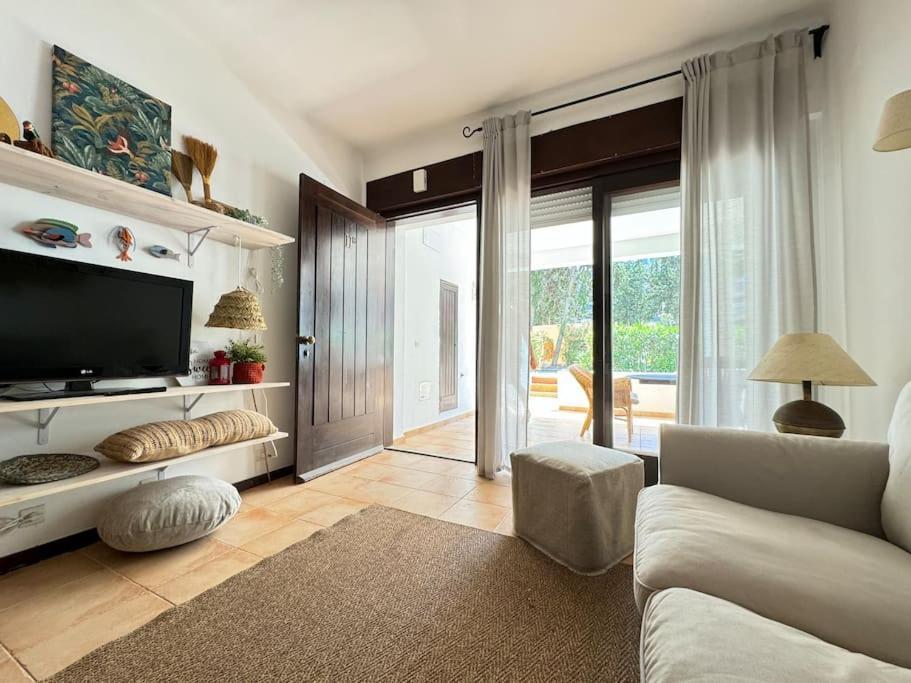 Apartment Balaia House Albufeira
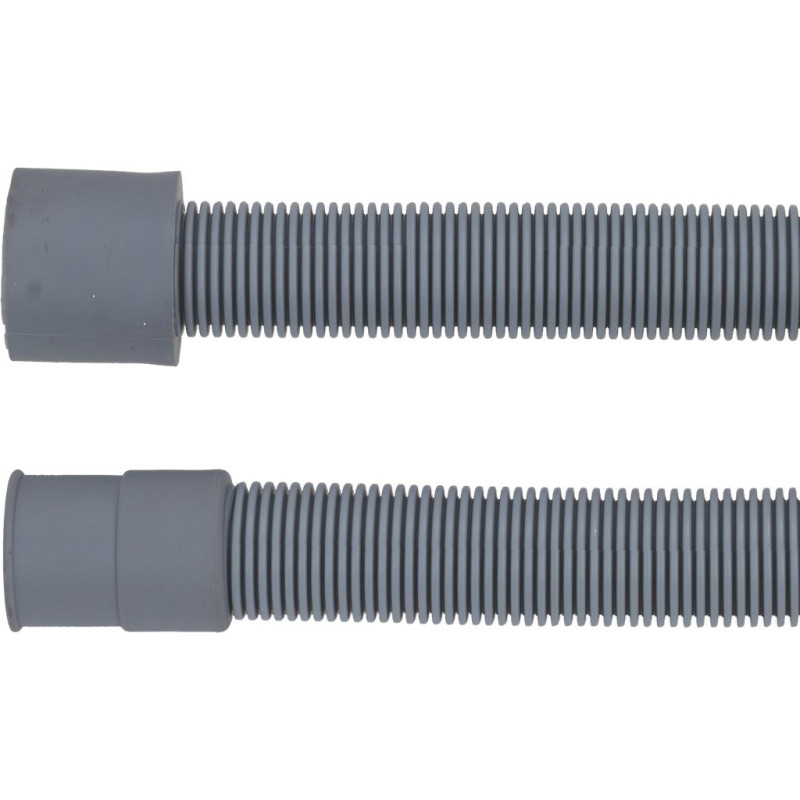 DRAIN HOSE 1000 mm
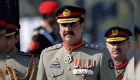 قائد الجيش الباكستاني يزور كابول بعد غد لمباحثات عسكرية وسياسية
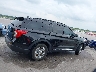1FMSK8DH4RG****** Reparables 2024 Ford Explorer en Estado de Nebraska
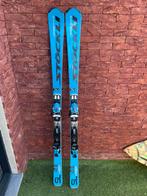 Stockli Laser SL, Ophalen, Zo goed als nieuw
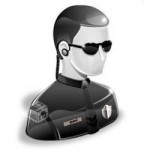 06 BUENAS PRACTICAS - INDUCCION SIE III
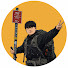 z--AG3EjOrM-channel-avatar-일단고동완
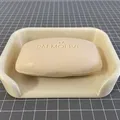 Khay Đựng Xà Phòng - Thumbnail 2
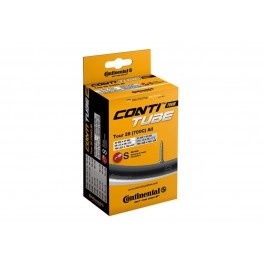 Continental Tour Slim 700...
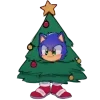 🤩 Эмодзи «Sonicuties Httpstmetarelkasphotoalbum» для Telegram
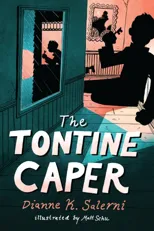 The Tontine Caper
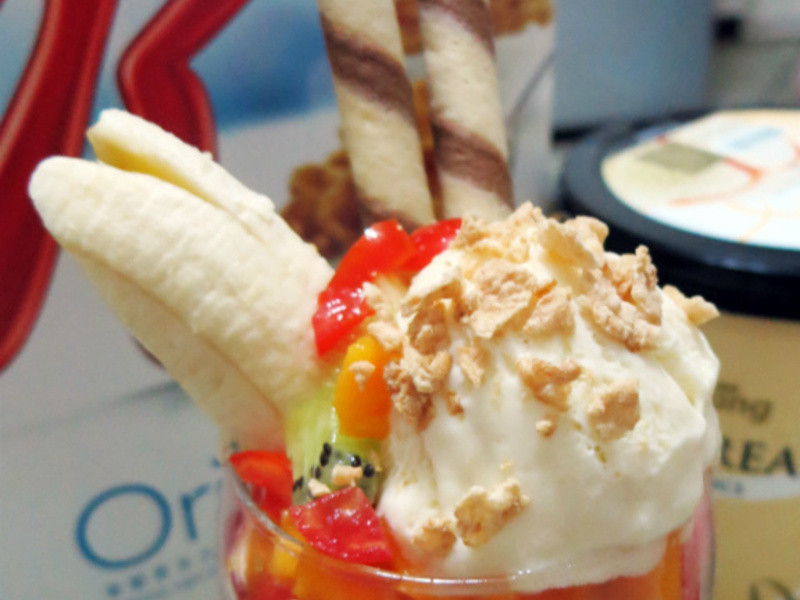 ˮ��ʥ��������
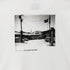 YONEX TN & BTON UNI T-SHIRT # 16555AEX MIDNIGHT 3XL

▶ [Assignment]:
From the records above, extract the lines from the one holding "قائد الجيش الباكستاني" through the one holding "z--AG3EjOrM-channel-avatar-일단고동완", word for word; omit the pictures.

▶ [Task solution]:
 قائد الجيش الباكستاني يزور كابول بعد غد لمباحثات عسكرية وسياسية
1FMSK8DH4RG****** Reparables 2024 Ford Explorer en Estado de Nebraska
 Stockli Laser SL, Ophalen, Zo goed als nieuw
 06 BUENAS PRACTICAS - INDUCCION SIE III
 z--AG3EjOrM-channel-avatar-일단고동완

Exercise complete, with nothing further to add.